Aim of the task:
From the records below, transcribe only the lines running from the one with "Ford Mondeo Turnier 2.0 Hybrid CVT" through the one with "Nike Air Force". Keep both of those end lines.
___ Input material ___
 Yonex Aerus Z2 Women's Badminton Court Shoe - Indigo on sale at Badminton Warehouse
___
___ Input material ___
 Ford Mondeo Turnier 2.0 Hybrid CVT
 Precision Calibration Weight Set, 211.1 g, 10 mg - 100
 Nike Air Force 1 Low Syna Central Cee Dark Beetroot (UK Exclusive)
___
Solution for this problem:
 Ford Mondeo Turnier 2.0 Hybrid CVT
 Precision Calibration Weight Set, 211.1 g, 10 mg - 100
 Nike Air Force 1 Low Syna Central Cee Dark Beetroot (UK Exclusive)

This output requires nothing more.